Have you ever wondered why two bottles of wine, supposed to be identical in almost every way, sometimes differ in taste and aroma? In other words: Why would two bottles stored under identical conditions taste different?
A few years ago, I was privileged to select and receive a couple of cases of wine that were stored for more than three decades in a decrepit garage. Storage conditions were, to say the least, not ideal. Nevertheless, I’ve found a few gems within this evolutionary challenged lot of wine. Like the 1980 Vergenoegd Cabernet Sauvignon that I opened last night. It was obviously far past its prime, but still shouted Cabernet Sauvignon with a creaky voice. This made me ponder upon the question right at the beginning of this blog.
Bottle variation becomes much more accentuated with time, which is why modern wineries crave uniformity when it comes to bottling of their future old-timers. Gone are the days of barrel by barrel bottling (an exception is Domaine de la Romanee Conti), uneven fill levels and bottling at different temperatures, times and venues. Before the wine trade exploded in Hermitage, wine was sold and bottled barrel by barrel as orders came in. The impact of bottling date barrel variation in this case was huge.
The type of closure (cork or screw cap) plays a critical role in bottle variation. It is even suggested that the cork is the most important factor in bottle variation and I am inclined to agree. A high quality cork will ensure a more uniform wine and will reduce the incidence of embarrassment following the opening of an expensive wine and having someone declare with a snooty voice: “I believe this wine is corked.” No two corks are similar and there can be a remarkable difference between two seemingly similar corks in terms of oxygen transfer into wine. If you want to know more about the effect of oxygen on wine, feel free to read my previous blog about the effect of ageing and micro-oxygenation on wine. By the way, you can treat a wine affected with cork taint at home. Simply line a bowl with polyethylene plastic food wrapping and pour the affected wine into the bowl. The taint will disappear or be much reduced after only a few minutes. TCA (the molecule usually responsible for cork taint) has a very high affinity for the polyethylene molecule and will adhere to the plastic sheet. If you were wondering, I did not see this trick on MacGyver.
If you still do not believe that evaporating wine (from a bottle) is replaced by air, consider that you’ll very seldom see a cork that is sucked into a bottle. This is because the wine that escapes the bottle is replaced by air. Now that we’ve established that air does indeed find its way into a bottle of wine and that this is very dependent on cork variation, I will conclude this blog. You can read more about the other factors critical to bottle variation in Part 2 of this blog.
Until then, why not open a golden oldie and reminisce about the good old days. A good bottle of old wine might be hard to find, but the reward is totally worth the anguish as you pull, inspect and smell the ancient cork…
Bernard Mocke is a technical consultant for Oenobrands.
Unfortunately, like most things in life I suppose, too much of a good thing can be bad…and sometimes even dangerous. Although there is a significant upside to the use of healthy, “light” lees, there can be a very destructive downside! And this of course, is what every winemaker wants to dodge…
Some of the solid particles and flakes which form part of lees may be the origin of vegetal aromas and flavors, sometimes up to a point where it almost smells a bit reduced. I have heard the term “sauerkrauty” which is actually a very good descriptor for this phenomena, as it refers to both the elements of vegetal and reductiveness. Another potential risk is the fact that our “friend” the bisulfite ion, which, to a certain degree has an anti-microbial function (although not as significant as molecular SO2), as well as some free SO2, are also bound by these solid particles. Of course in the bound form, SO2 lose most of its antimicrobial function and probably all of its anti-oxidative properties.

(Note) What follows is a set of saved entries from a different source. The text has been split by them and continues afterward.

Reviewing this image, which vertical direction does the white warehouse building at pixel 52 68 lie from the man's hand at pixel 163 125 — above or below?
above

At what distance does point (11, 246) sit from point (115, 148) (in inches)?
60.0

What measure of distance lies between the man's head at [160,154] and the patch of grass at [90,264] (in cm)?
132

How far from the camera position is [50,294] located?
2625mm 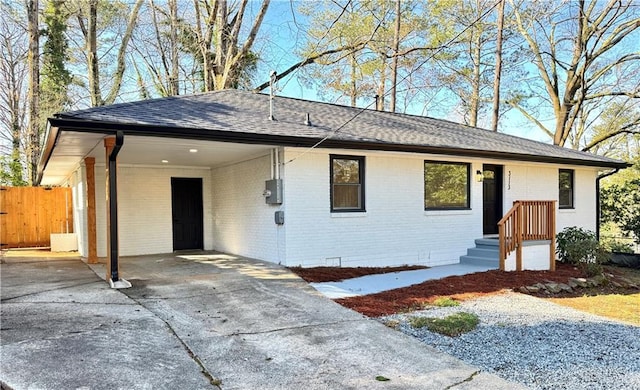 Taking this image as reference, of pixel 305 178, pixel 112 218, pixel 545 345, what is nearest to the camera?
pixel 545 345

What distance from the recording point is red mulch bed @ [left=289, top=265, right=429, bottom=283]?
7520mm

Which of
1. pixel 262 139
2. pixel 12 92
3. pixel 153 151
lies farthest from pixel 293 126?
pixel 12 92

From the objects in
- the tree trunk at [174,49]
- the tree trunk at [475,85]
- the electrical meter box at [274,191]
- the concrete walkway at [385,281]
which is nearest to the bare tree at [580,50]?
the tree trunk at [475,85]

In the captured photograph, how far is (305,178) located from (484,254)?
15.8 feet

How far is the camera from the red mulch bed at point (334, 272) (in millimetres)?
7520

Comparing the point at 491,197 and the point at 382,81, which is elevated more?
the point at 382,81

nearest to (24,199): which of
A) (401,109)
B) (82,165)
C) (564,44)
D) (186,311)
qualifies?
(82,165)

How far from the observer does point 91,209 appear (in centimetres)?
952

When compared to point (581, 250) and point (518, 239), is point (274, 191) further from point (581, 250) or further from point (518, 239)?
point (581, 250)

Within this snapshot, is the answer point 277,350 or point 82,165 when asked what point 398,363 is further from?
point 82,165

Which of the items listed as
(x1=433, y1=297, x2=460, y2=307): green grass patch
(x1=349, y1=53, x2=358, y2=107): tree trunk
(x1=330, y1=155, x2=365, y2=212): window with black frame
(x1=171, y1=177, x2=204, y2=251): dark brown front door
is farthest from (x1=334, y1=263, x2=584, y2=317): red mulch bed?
(x1=349, y1=53, x2=358, y2=107): tree trunk

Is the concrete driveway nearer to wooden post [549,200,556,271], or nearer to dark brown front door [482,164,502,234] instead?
wooden post [549,200,556,271]

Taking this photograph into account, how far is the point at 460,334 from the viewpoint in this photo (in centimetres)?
487

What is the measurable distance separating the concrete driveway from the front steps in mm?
5016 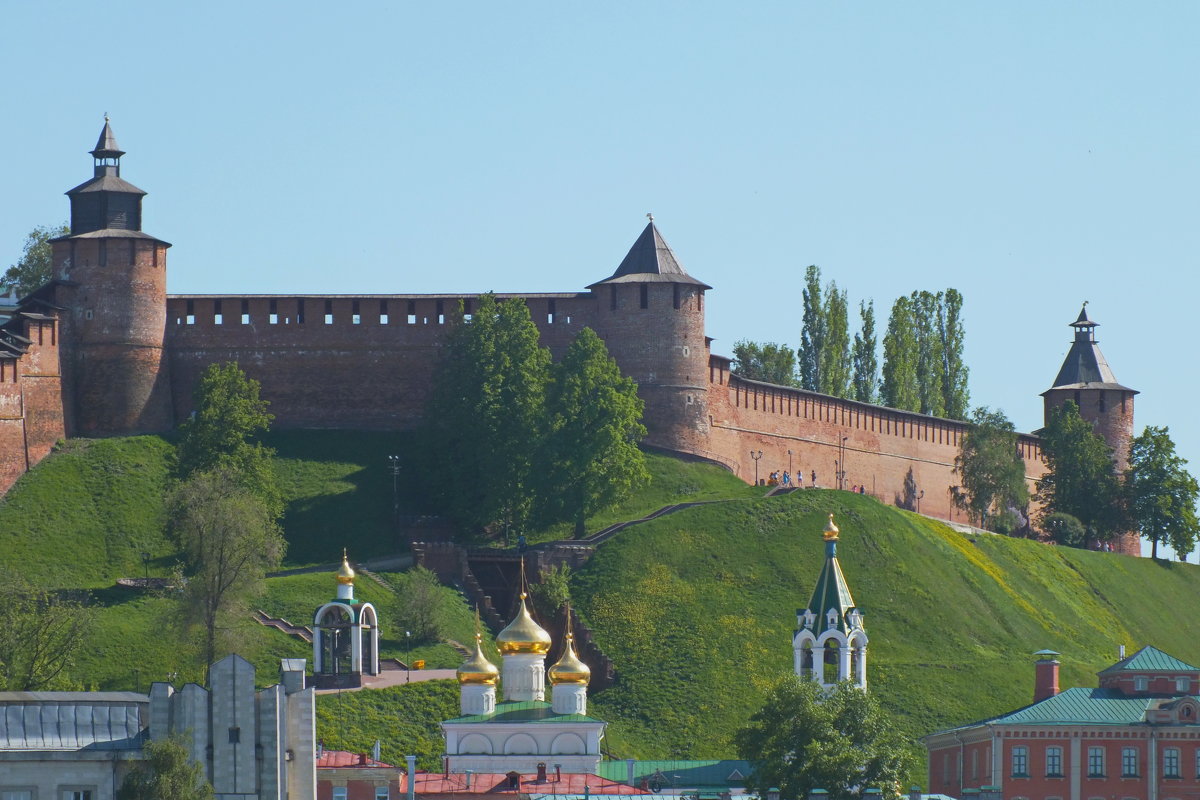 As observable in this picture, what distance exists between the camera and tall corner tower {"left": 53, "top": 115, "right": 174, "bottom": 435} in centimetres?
9244

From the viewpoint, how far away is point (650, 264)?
97.3m

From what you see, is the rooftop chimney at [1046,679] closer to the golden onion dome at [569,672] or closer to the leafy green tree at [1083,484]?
the golden onion dome at [569,672]

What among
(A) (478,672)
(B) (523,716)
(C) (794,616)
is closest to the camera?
(B) (523,716)

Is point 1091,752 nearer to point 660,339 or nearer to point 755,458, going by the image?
point 660,339

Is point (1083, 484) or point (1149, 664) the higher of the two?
point (1083, 484)

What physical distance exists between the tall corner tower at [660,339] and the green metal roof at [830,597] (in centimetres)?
1845

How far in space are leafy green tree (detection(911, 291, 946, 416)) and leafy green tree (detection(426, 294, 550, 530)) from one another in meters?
25.6

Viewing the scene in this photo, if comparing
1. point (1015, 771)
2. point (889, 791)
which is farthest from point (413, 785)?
point (1015, 771)

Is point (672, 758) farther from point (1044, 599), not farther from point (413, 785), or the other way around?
point (1044, 599)

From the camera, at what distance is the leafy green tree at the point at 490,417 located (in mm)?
88938

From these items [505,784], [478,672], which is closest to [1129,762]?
[505,784]

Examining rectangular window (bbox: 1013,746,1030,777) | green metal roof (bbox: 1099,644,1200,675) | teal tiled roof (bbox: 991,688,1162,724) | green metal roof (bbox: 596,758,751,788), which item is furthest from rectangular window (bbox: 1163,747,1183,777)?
green metal roof (bbox: 596,758,751,788)

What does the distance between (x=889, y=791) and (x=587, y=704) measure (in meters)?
17.5

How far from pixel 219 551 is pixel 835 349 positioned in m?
39.7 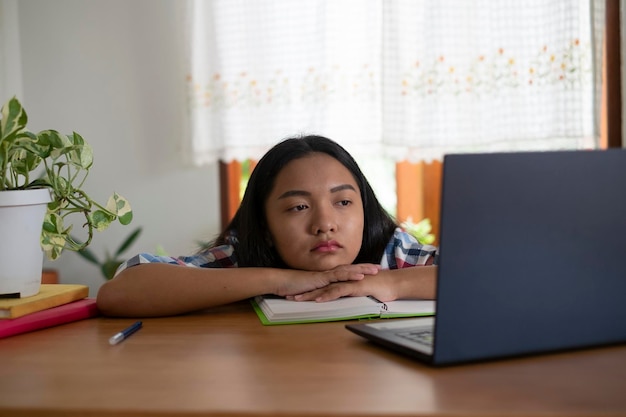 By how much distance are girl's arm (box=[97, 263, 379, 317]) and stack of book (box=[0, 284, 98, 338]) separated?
48mm

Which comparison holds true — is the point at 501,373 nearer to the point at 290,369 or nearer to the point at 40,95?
the point at 290,369

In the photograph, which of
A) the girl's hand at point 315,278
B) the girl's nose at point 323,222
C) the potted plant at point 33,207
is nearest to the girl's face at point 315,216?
the girl's nose at point 323,222

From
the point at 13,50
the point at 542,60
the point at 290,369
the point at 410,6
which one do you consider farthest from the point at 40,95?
the point at 290,369

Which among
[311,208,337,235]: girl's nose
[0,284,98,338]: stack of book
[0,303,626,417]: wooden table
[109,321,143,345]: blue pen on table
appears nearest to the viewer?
[0,303,626,417]: wooden table

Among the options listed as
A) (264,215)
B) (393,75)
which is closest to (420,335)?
(264,215)

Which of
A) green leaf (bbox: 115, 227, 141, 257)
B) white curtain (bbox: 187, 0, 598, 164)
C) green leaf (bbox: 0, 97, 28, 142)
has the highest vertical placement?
white curtain (bbox: 187, 0, 598, 164)

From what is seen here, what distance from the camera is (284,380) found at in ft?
2.46

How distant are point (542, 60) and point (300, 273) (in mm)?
2166

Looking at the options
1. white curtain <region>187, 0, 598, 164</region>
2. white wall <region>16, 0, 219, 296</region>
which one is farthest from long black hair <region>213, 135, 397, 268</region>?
white wall <region>16, 0, 219, 296</region>

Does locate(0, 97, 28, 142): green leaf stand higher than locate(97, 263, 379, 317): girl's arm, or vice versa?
locate(0, 97, 28, 142): green leaf

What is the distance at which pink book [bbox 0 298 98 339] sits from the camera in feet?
3.52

This of course is a time bomb, simply because we are now managing all the good microbes in parallel with the high risk ones from which we are normally “protected” as a result of the effects of SO2: Brettanomyces, Pediococcus, Lactobacillus. And – the higher the pH, the higher the risks.

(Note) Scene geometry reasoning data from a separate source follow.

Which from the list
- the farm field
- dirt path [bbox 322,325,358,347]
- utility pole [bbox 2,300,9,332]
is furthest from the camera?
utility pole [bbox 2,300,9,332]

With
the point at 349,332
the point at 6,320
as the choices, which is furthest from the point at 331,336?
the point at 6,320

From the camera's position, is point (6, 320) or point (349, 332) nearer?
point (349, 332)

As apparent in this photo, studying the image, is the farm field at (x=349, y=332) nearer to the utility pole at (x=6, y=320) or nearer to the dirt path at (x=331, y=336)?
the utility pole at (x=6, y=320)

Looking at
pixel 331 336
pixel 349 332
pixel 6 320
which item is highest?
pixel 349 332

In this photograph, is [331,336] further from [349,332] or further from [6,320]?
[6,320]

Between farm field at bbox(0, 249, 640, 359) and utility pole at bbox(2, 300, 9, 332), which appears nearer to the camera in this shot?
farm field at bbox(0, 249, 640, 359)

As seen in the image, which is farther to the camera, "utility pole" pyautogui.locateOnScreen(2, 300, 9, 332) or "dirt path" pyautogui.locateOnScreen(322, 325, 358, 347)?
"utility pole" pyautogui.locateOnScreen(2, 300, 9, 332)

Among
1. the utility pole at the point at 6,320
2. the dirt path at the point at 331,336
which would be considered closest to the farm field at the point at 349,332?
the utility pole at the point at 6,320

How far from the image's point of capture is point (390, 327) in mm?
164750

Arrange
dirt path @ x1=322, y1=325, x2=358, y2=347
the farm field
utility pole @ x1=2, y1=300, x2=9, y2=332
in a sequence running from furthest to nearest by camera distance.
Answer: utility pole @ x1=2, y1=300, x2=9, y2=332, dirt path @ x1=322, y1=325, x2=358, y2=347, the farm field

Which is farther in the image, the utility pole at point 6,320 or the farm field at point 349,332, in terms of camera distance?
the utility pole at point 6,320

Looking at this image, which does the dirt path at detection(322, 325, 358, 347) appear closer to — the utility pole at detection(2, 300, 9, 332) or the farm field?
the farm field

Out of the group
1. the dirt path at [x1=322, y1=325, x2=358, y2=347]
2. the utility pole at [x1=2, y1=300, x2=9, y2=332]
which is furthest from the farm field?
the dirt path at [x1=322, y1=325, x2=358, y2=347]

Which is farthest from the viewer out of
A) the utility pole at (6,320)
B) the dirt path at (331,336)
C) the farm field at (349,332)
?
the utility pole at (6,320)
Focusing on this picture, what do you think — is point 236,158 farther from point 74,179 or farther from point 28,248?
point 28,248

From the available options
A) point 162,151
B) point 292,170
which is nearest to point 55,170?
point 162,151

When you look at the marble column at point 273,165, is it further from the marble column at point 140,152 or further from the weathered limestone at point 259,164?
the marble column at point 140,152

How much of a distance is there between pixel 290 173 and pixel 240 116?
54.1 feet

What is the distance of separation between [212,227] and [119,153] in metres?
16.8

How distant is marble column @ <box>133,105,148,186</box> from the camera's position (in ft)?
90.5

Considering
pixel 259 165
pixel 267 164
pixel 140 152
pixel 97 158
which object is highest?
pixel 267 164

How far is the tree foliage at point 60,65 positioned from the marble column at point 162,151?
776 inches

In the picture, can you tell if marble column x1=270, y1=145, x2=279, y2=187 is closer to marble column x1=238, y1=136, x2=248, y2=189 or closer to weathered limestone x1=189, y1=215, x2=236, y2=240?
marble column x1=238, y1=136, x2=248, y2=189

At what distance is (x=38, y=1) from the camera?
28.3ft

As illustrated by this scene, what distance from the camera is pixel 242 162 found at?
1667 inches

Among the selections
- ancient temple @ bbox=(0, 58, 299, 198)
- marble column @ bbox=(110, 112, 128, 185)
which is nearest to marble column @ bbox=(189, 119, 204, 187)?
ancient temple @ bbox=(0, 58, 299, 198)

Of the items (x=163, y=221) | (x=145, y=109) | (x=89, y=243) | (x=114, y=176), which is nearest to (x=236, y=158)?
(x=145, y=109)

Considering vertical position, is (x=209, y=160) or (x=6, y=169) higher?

Another risk related to lees contact is the development of reductive odors and metallic tastes. The release of these sulfur compounds may be the result of light lees that is very tightly compacted during wine maturation. This phenomenon is potentially even more hazardous in situations where reductive odors appeared during primary fermentation.
The release of “bitter” substances in wines, combined with reductive and “Brett like odors” is another risk associated with lees contact and is related to contamination by living yeasts such as Brettanomyces and Pichia, as well as lactic acid bacteria like Pediococcus. We are well aware of exactly where they come from: insufficiently disinfected cellar equipment, lack of optimal SO2 management, high pH’s and the release of nutrients into the wine as a result of autolysis.
And speaking of release of nutrients…living lactic acid bacteria may have the ability to metabolize different amino acids with the production of biogenic amines. Hence the importance of hygiene and optimal SO2 management!
What do I propose?
To keep it simple. Manage hygiene. Manage SO2 and pH optimally. Taste frequently. And great will be your reward.